The input.
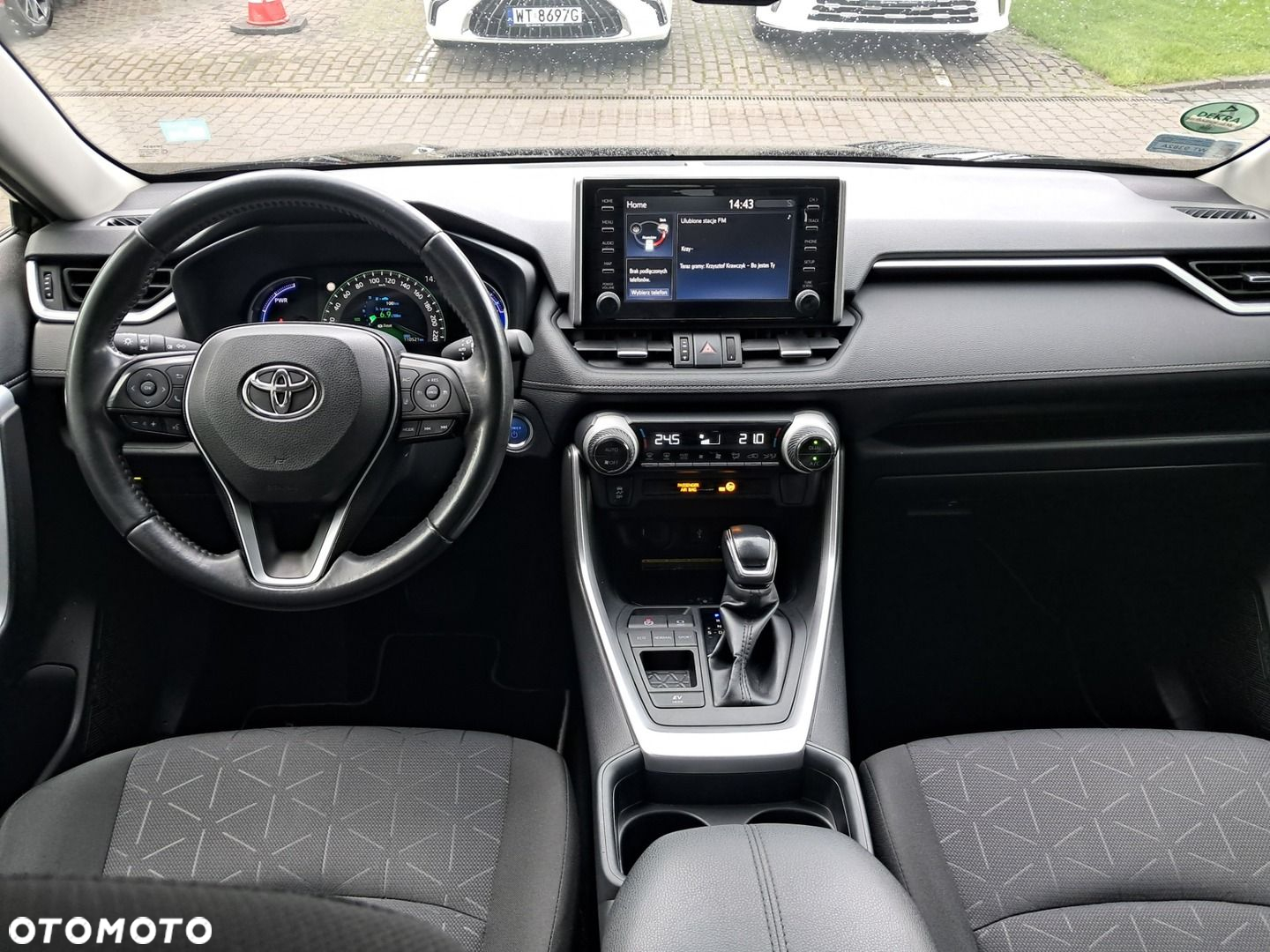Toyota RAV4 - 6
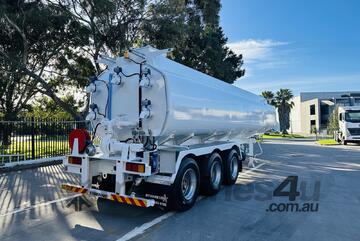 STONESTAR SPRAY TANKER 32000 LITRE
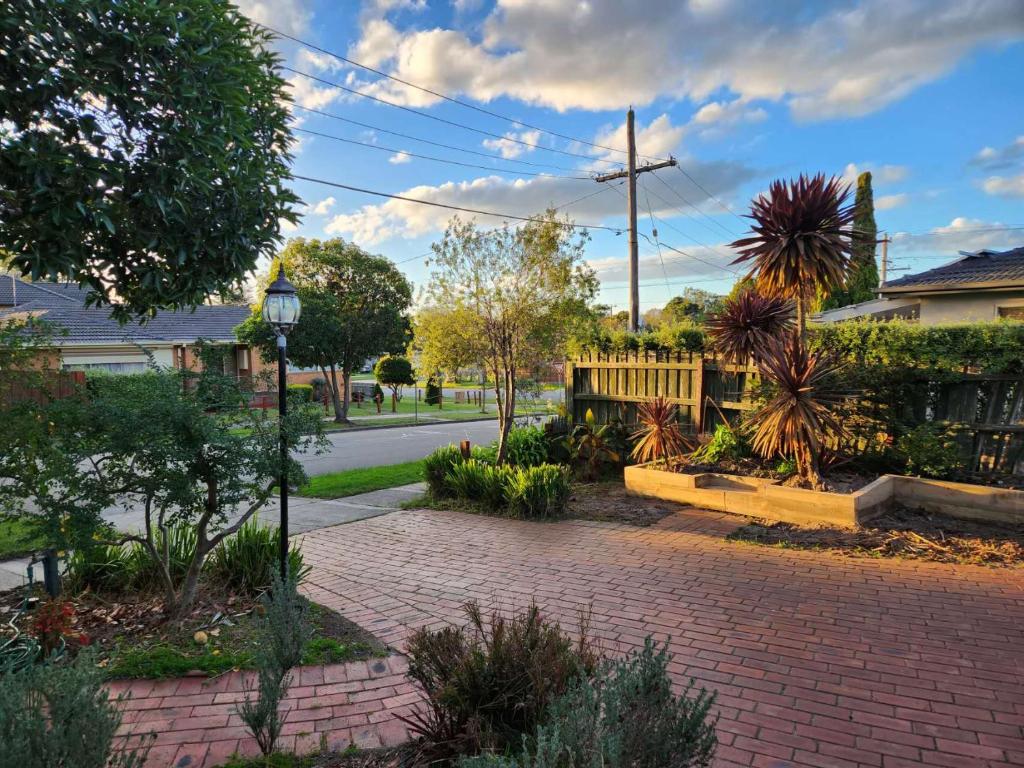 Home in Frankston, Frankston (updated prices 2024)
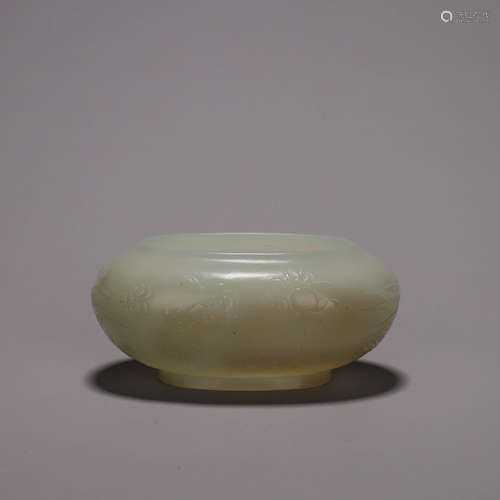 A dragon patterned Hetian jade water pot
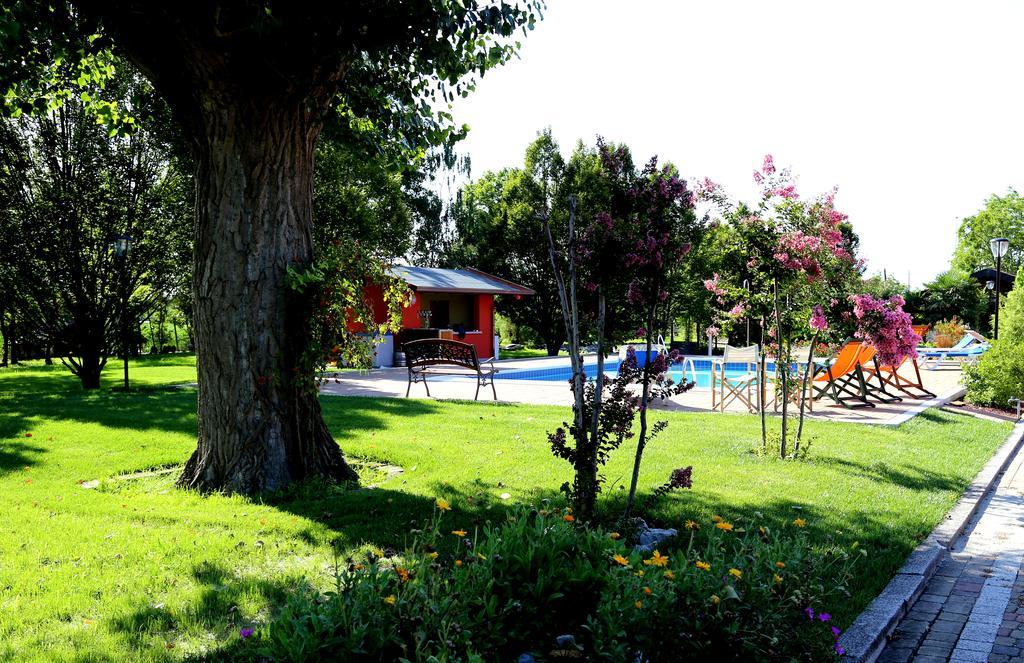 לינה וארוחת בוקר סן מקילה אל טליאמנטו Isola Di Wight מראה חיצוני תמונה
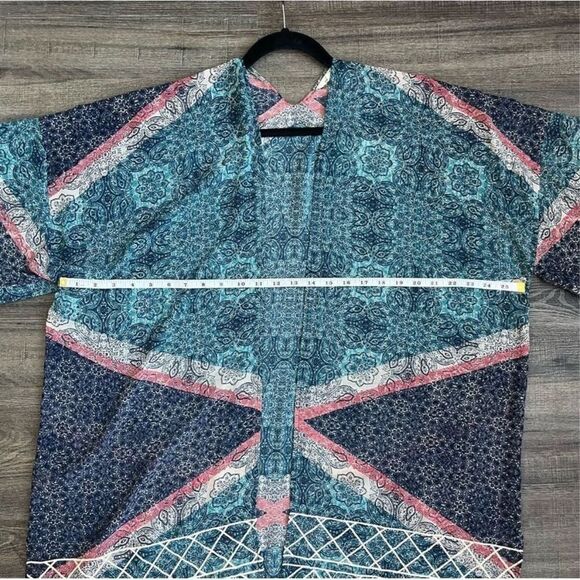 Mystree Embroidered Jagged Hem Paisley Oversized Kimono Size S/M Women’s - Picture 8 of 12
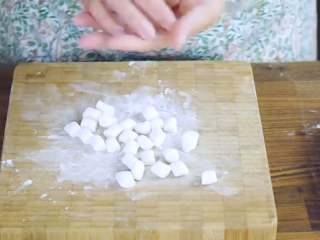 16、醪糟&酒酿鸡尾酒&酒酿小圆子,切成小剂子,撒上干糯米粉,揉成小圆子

What the task asks. Using the records above, copy exactly and only the lines from the line with "A dragon patterned Hetian jade water pot" through the end, both included; leave every picture out.

Response below.
 A dragon patterned Hetian jade water pot
 לינה וארוחת בוקר סן מקילה אל טליאמנטו Isola Di Wight מראה חיצוני תמונה
 Mystree Embroidered Jagged Hem Paisley Oversized Kimono Size S/M Women’s - Picture 8 of 12
 16、醪糟&酒酿鸡尾酒&酒酿小圆子,切成小剂子,撒上干糯米粉,揉成小圆子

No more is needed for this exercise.